_Assigned task_:
In the listing below, locate the line with "фото Кроссовки zx" and the line with "EL ENTRENAMIENTO DE", then output both and everything between them exactly, minus any pictures.

_Records shown_:
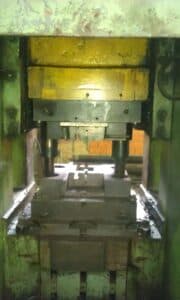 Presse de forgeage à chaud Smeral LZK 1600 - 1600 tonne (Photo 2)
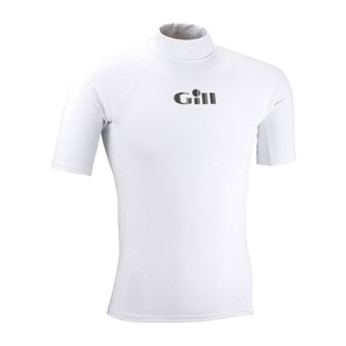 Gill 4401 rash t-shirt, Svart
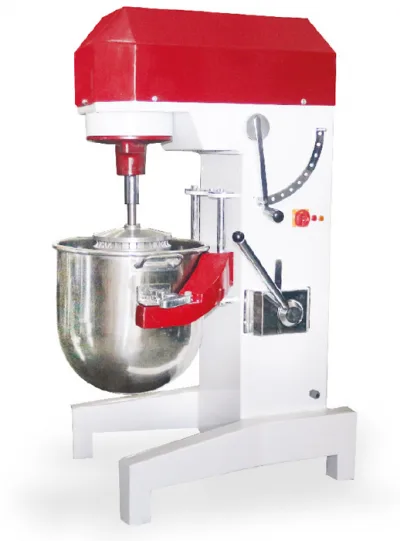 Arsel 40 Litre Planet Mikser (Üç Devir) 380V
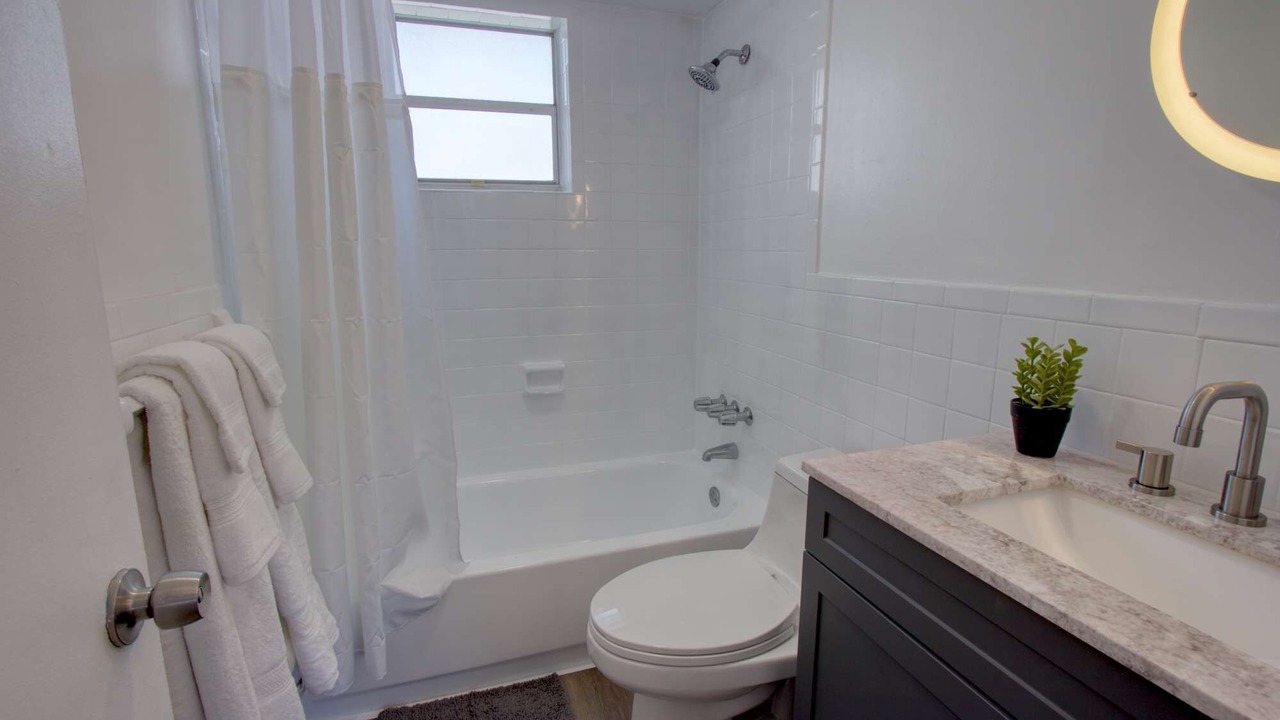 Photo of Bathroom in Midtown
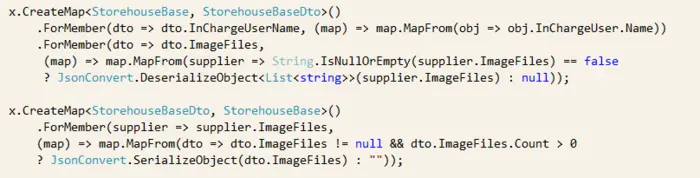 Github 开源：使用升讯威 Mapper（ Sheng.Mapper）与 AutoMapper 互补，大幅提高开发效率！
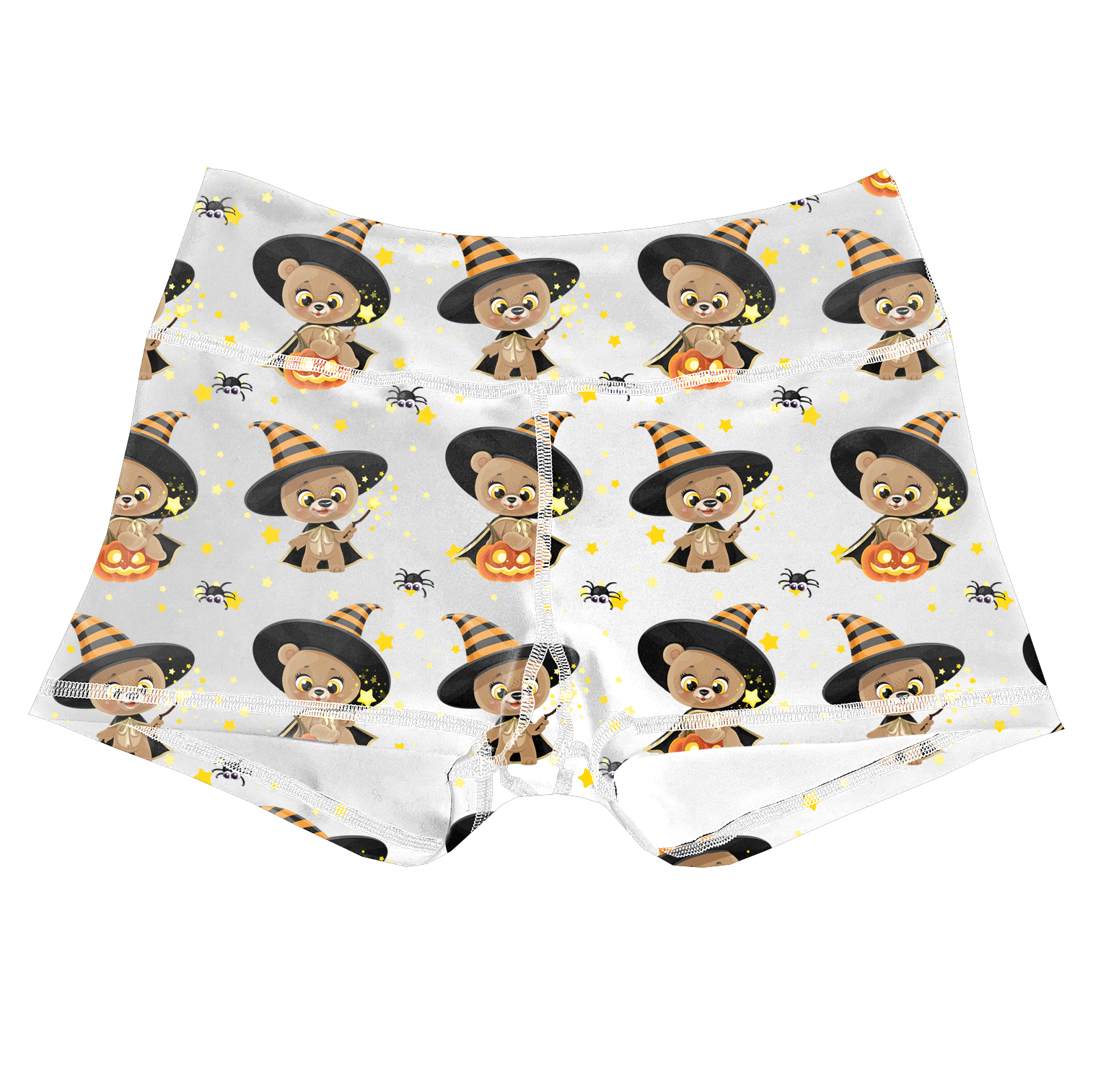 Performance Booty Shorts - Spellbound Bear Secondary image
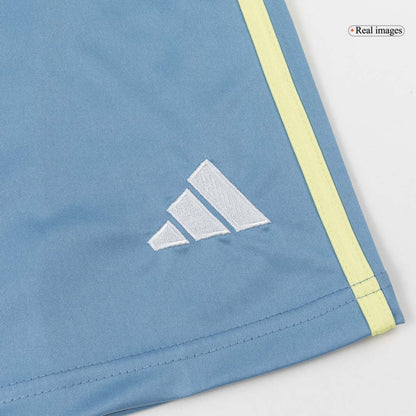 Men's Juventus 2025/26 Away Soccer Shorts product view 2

---

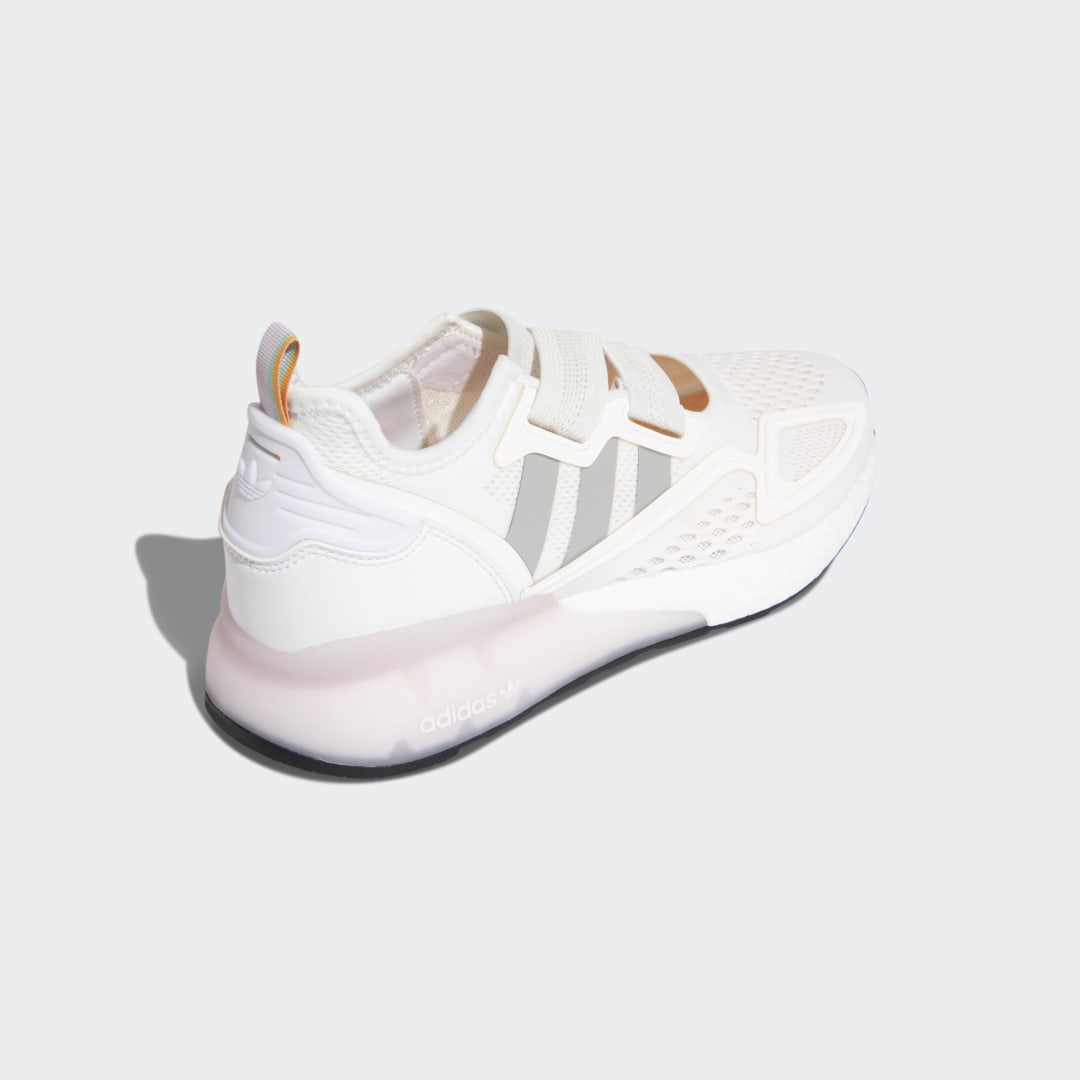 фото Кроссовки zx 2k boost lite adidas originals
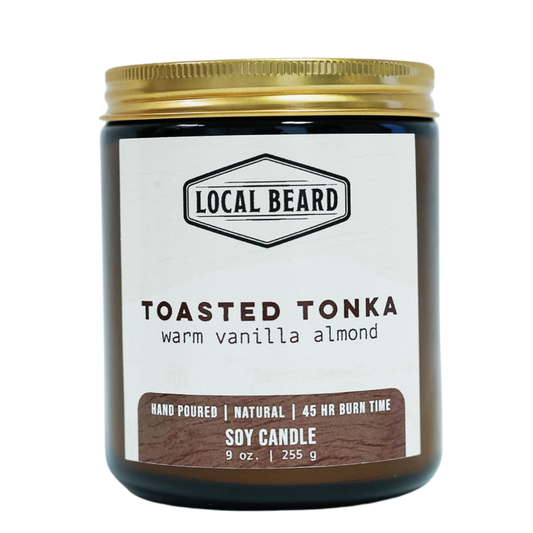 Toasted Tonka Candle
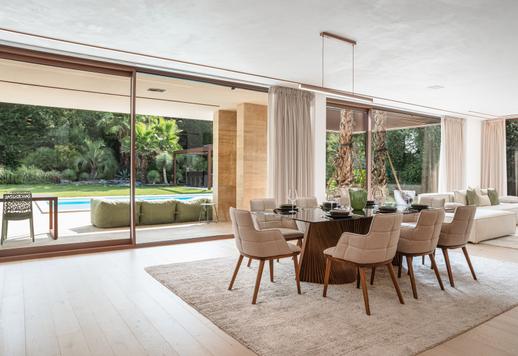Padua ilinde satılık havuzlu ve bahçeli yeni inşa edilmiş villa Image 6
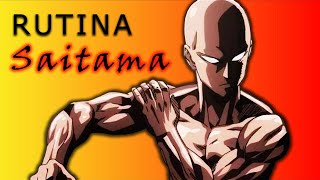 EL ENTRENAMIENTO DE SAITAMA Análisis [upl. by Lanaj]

_The answer_:
 фото Кроссовки zx 2k boost lite adidas originals
 Toasted Tonka Candle
Padua ilinde satılık havuzlu ve bahçeli yeni inşa edilmiş villa Image 6
 EL ENTRENAMIENTO DE SAITAMA Análisis [upl. by Lanaj]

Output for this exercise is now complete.